Connecticut State Treasurer Shawn T. Wooden has joined a coalition of institutional investors representing some $1.8 trillion in combined assets to demand the 20 largest publicly traded electricity generators in the U.S. commit to achieving net-zero carbon emissions, according to a news release.
Decarbonizing these companies would eliminate nearly half of the power sector’s carbon emissions and put the country on track to building a sustainable power grid and a sustainable economy.
The 20 signatories, including some of the biggest institutional investors in the world, have asked the board chairs of the 20 utilities to make the net-zero commitment within the next six months.

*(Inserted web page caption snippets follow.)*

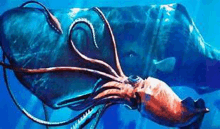 a giant squid is swimming next to a large whale in the ocean .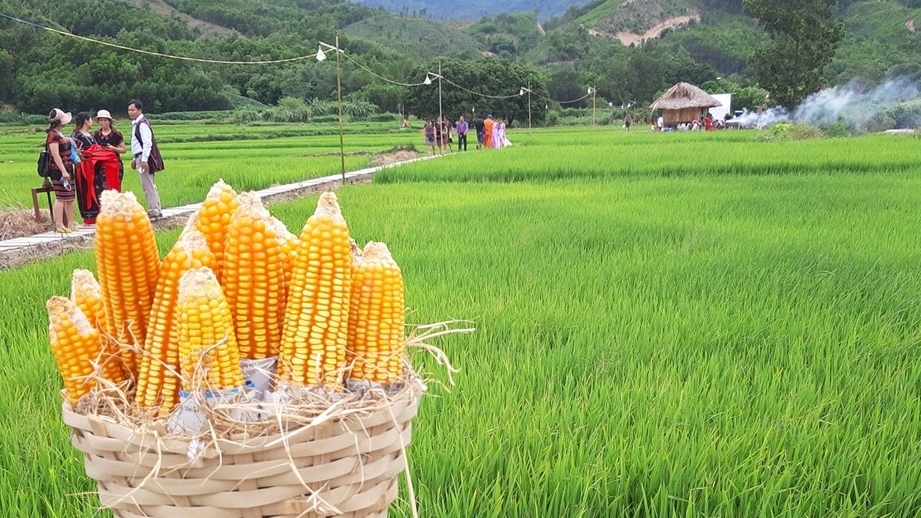 Farmstay - loại hình du lịch nghỉ dưỡng đang "nở rộ" ở các vùng quê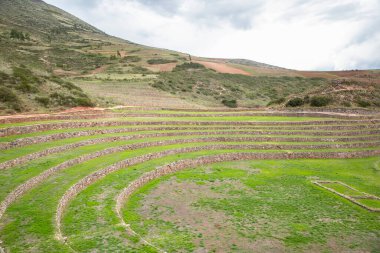 Cusco Peru 'da Moray arkeolojik alanı. İnkalar tarafından yapılan tarım laboratuvarı..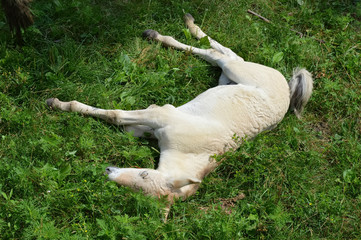 Wild Asian Horse
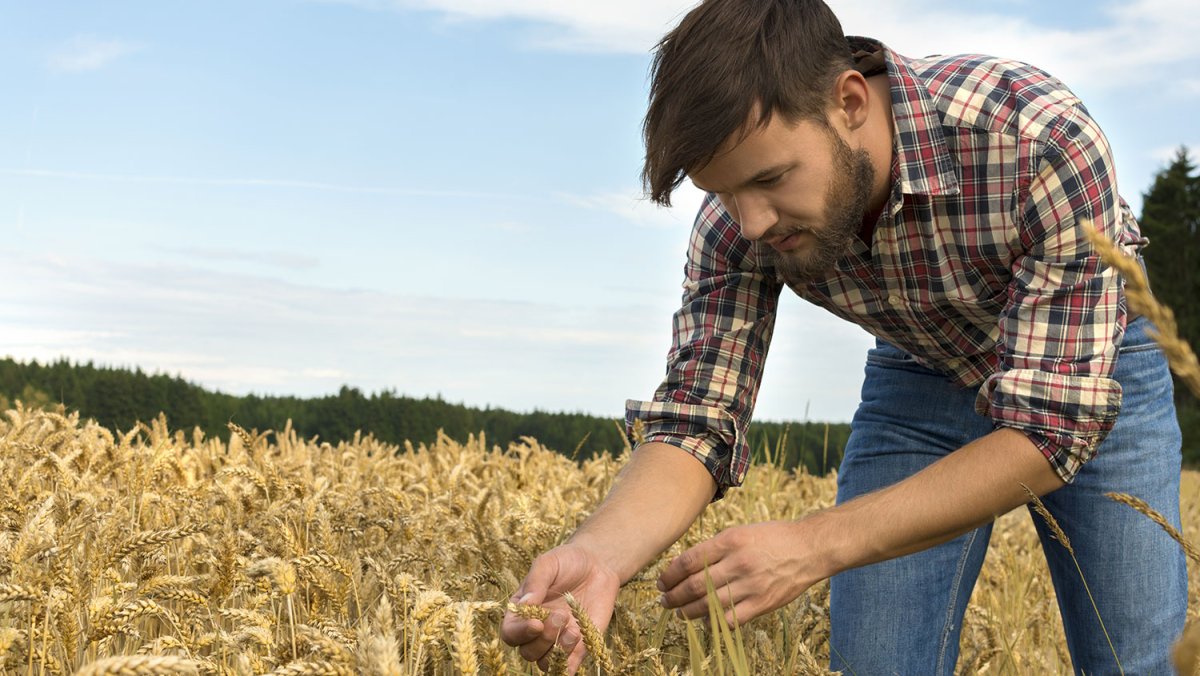 Хозяйство фермера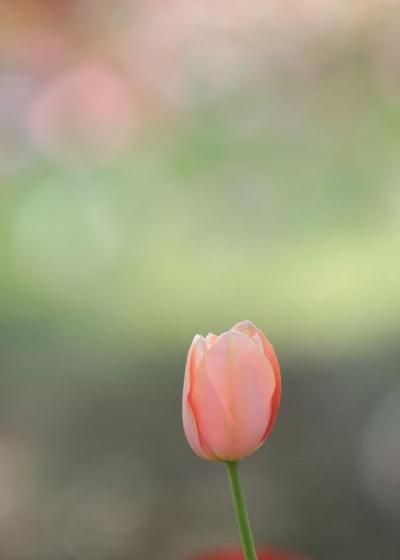 慰藉心灵的人生感悟句句走心,触碰心灵的人生感悟情感语录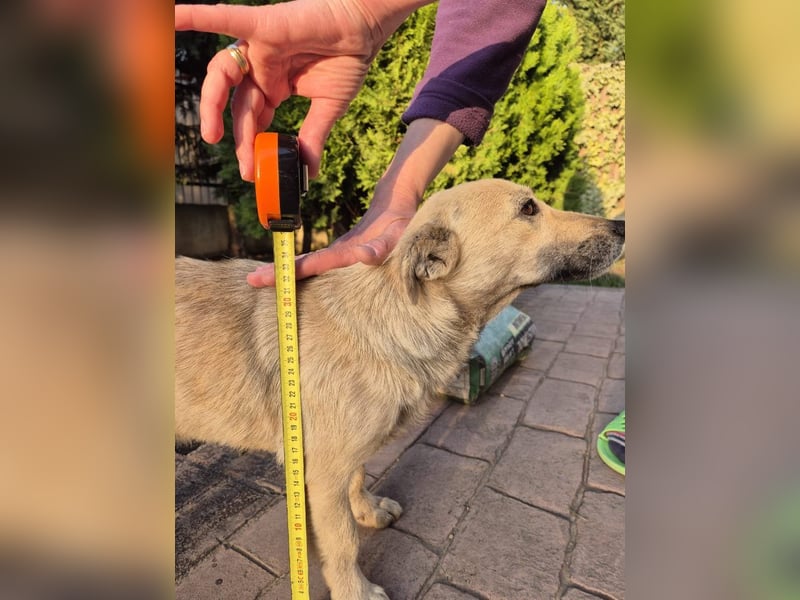 Lani - freundliche, verschmuste, katzenverträgliche kleine Hündin / Pflegestelle in Kassel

Wooden said Connecticut is engaging with the electric utility companies in which the state invests in order to work toward the goals of the Paris Climate Agreement and reduce their carbon emissions.
The companies to which the investors’ statement were sent are: Duke Energy Corporation; The Southern Company; Exelon Corporation; Vistra Energy (acquired Dynegy in 2018); NextEra Energy Inc.; Entergy; American Electric Power; Dominion Energy (acquired SCANA Corp. in 2019); NRG Energy; Xcel Energy; Public Service Electric & Gas Company; Evergy, Inc. (Merger of Westar and Great Plains); DTE Energy; Ameren; WEC Energy Group; PPL Corporation; Pacific Gas and Electric Company and The AES Corporation.
The Connecticut Retirement Plans and Trust Funds invests in nearly all of these companies, with aggregate exposure to equities in the utilities sector valued at approximately $126.4 million and bonds valued at $16.4 million.
Investors, led by New York City Comptroller Scott M. Stringer, have further asked the targeted utilities to implement four key governance reforms in advance of their 2020 proxy statements to achieve the net-zero target.
1) Identify who on the board is responsible for overseeing execution of the net-zero transition.
2) Develop and publish a detailed transition plan to achieve net-zero emissions from electricity generation by 2050 at the latest, with clear near-term benchmarks and plans for 2025 and 2030.
3) Incorporate transition milestones into executive compensation metrics.
4) Disclose how political, lobbying and trade association activities will be brought into alignment with the net-zero commitment.
Today, the electric power sector is one of the largest sources of U.S. carbon emissions, and U.S. power sector emissions increased in 2018. Failure of electric utilities to decarbonize poses material risks for long-term investors.
At the same time, carbon-free electrification of transportation and other sectors presents electric utilities with once-in-a-generation growth opportunities. Investors have a fiduciary obligation to ensure that the electric power sector is on track to achieve net-zero emissions by 2050 at the latest — which most utilities are not.
As the Climate Majority Project’s report, which can find here, details, the 20 companies that are the focus of this investor initiative are estimated to generate nearly 50 percent of the U.S. electric power sector’s CO2 emissions.
Of the 20, only one (Xcel Energy) has committed to a net-zero by 2050 target. Seven have set long-term targets that are not yet in line with the net-zero by 2050 objective, and the remaining 12 have not set any long-term targets at all.